Kirchensteuer / © Christian Ohde (epd)
Kirchensteuer / © Christian Ohde ( epd )

Bei der Suche nach einer Erklärung lohnt sich ein Blick auf die Konjunkturdaten. Trotz sinkender Mitgliedszahlen können die beiden großen Kirchen in Deutschland einer Studie zufolge weiter auf wachsende Steuereinnahmen hoffen.
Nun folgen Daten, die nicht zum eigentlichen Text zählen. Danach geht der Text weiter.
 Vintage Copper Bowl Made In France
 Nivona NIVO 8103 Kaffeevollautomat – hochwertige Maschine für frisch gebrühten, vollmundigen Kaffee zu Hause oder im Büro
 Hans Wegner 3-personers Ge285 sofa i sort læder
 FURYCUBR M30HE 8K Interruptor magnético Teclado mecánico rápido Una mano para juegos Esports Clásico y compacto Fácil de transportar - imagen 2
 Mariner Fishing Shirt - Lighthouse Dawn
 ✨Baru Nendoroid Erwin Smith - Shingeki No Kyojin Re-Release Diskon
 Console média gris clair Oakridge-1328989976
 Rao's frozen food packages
Der Trend zu steigenden Einnahmen dürfte anhalten, selbst wenn weiterhin jedes Jahr die Mitgliederzahl um bis zu 500.000 sinken würde, heißt es in einer am Freitag vom arbeitgebernahen Institut der Deutschen Wirtschaft (IW) in Köln veröffentlichten Untersuchung.

Die Prognose stützt sich den Angaben zufolge auf die offizielle Schätzung für die Entwicklung der Lohn- und Einkommenssteuer, an die die Kirchensteuer geknüpft ist. Dabei seien Steuerrechtsänderungen wie die Erhöhung von Freibeträgen bereits berücksichtigt worden.
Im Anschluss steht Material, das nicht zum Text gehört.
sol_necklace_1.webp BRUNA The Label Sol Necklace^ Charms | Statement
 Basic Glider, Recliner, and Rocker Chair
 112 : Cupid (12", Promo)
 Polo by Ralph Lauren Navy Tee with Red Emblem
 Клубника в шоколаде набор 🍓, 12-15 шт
Gute konjunkturelle Entwicklung

Aufgrund der guten Konjunktur steigen seit einigen Jahren die Kirchensteuereinnahmen, obwohl die beiden größten Religionsgemeinschaften in Deutschland jedes Jahr vor allem durch den demografischen Wandel Mitglieder verlieren. 2017 erhielt nach Angaben der Kirchen die katholische Kirche 6,43 Milliarden Euro aus der Kirchensteuer, die evangelische Kirche 5,67 Milliarden Euro. Laut IW-Studie zahlt ein Katholik in diesem Jahr im Durchschnitt 291 Euro Kirchensteuer, ein Protestant 278 Euro.
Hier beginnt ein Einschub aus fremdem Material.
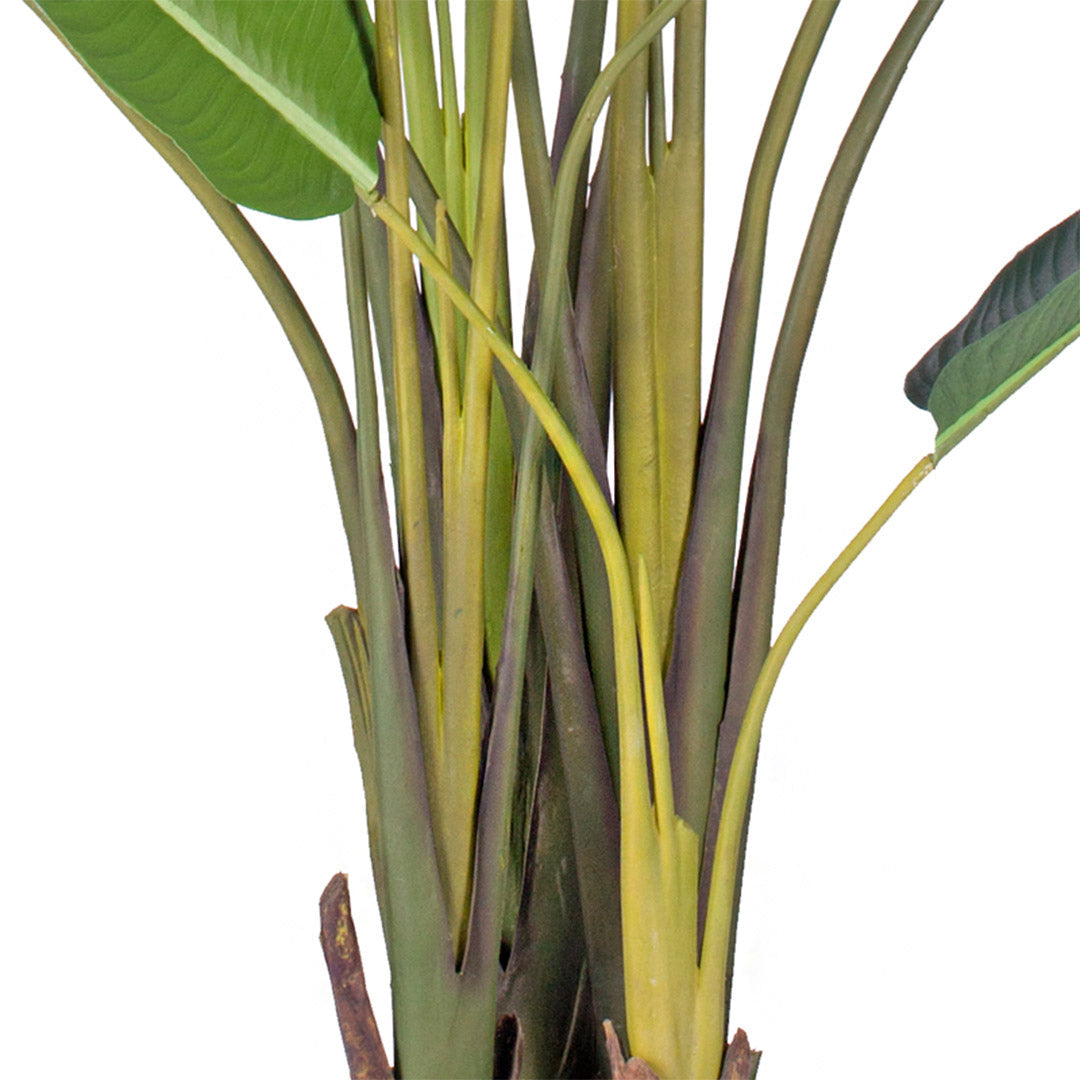 SOGA 245cm Artificial Giant Green Birds of Paradise Tree Fake Tropical Indoor Plant Home Office Decor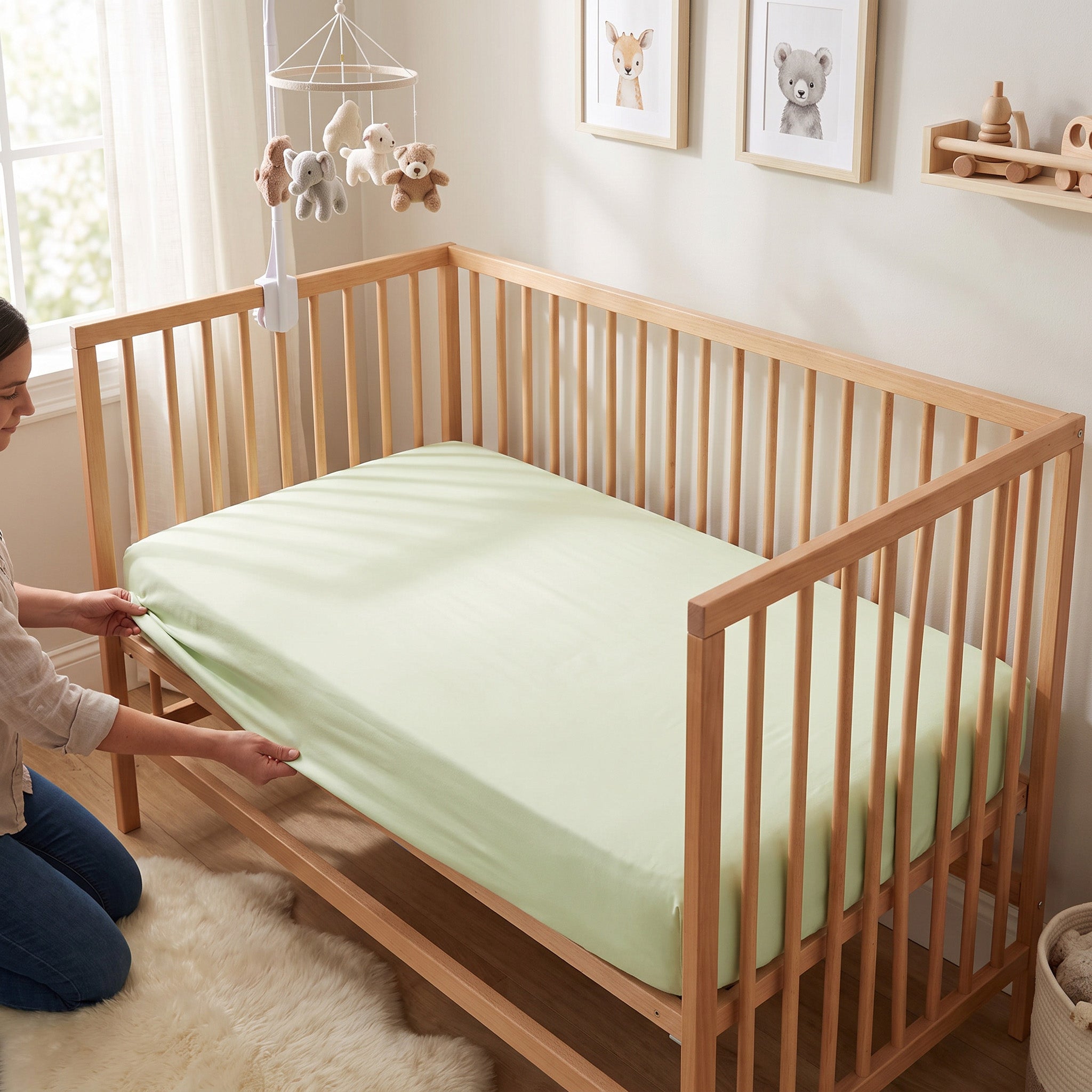 Solid Designs Crib Sheets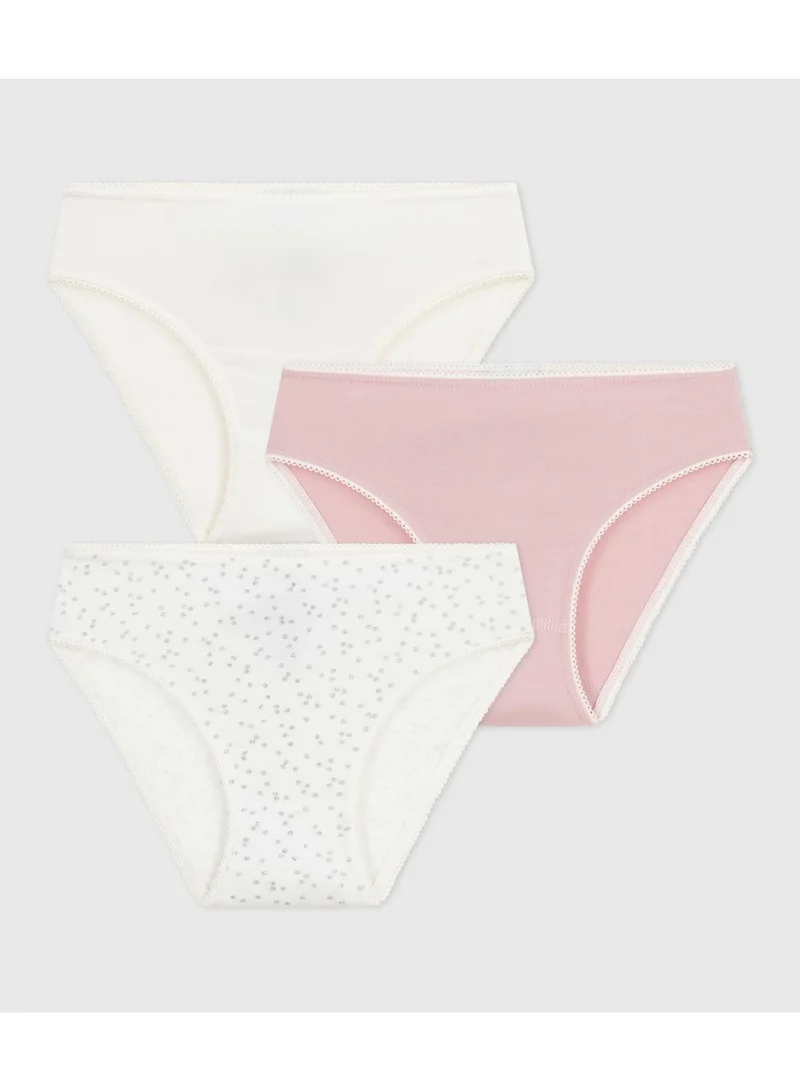 Petit Bateau Children's cotton and elastane knickers - 3-Pack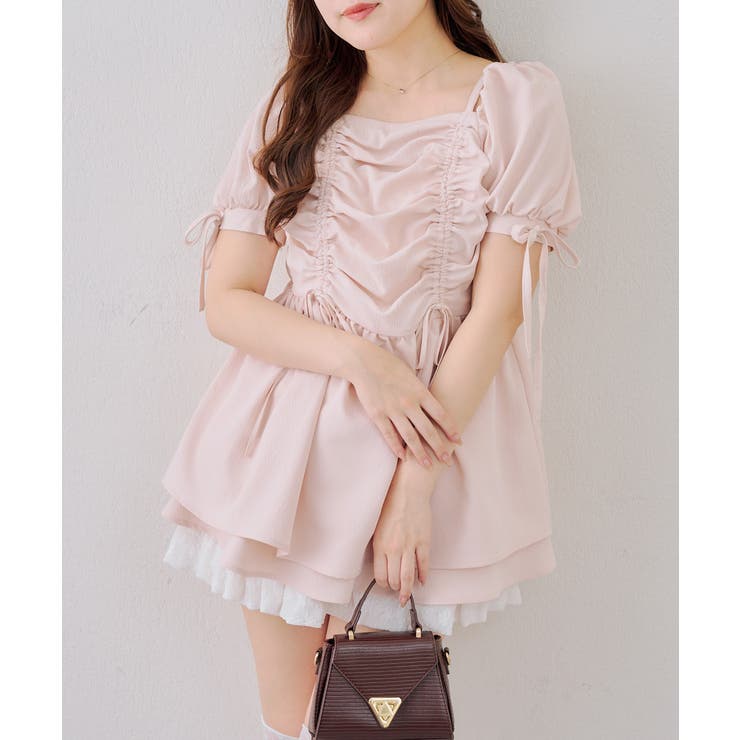 ドロストリボンチュニック | RMAF　NICE CLAUP / OLIVE des OLIVE | 詳細画像11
Das Wirtschaftsinstitut schätzt, dass die katholische Kirche bei der unterstellten guten Prognose im Jahr 2023 8,2 Milliarden Euro, die evangelische Kirche sieben Milliarden Euro an Kirchensteuern einnehmen könnte. Das entspräche einer Verdoppelung des Kirchensteueraufkommens gegenüber dem Jahr 2004.

Evangelische Kirche rechnet nicht optimistisch

Die evangelische Kirche selbst rechnet nicht so optimistisch. Auf der Jahrestagung ihrer Synode im November in Würzburg schwor Andreas Barner, Mitglied im Rat der Evangelischen Kirche in Deutschland (EKD) und dort zuständig für den Haushalt, die Kirche auf Veränderungen ein. Ein Rückgang der Kirchensteuereinnahmen sei vor dem Hintergrund des Mitgliederverlusts in hohem Maße wahrscheinlich, sagte er.

Katholische und evangelische Kirche haben 2017 mehr als 600.000 Mitglieder verloren. 23,3 Millionen Menschen gehören in Deutschland der katholischen Kirche an, 21,5 der evangelischen Kirche. Die Kirchensteuer wird als Zuschlag zur Einkommens-, Lohn- und Kapitalertragssteuer gezahlt und berechnet sich auf deren Grundlage.

Eingezogen wird sie wie andere Steuern direkt von den Finanzämtern. Als Gegenleistung erhält der Staat rund drei Prozent der Einnahmen. Laut IW-Studie beläuft sich dieser Betrag derzeit auf rund 400 Millionen Euro.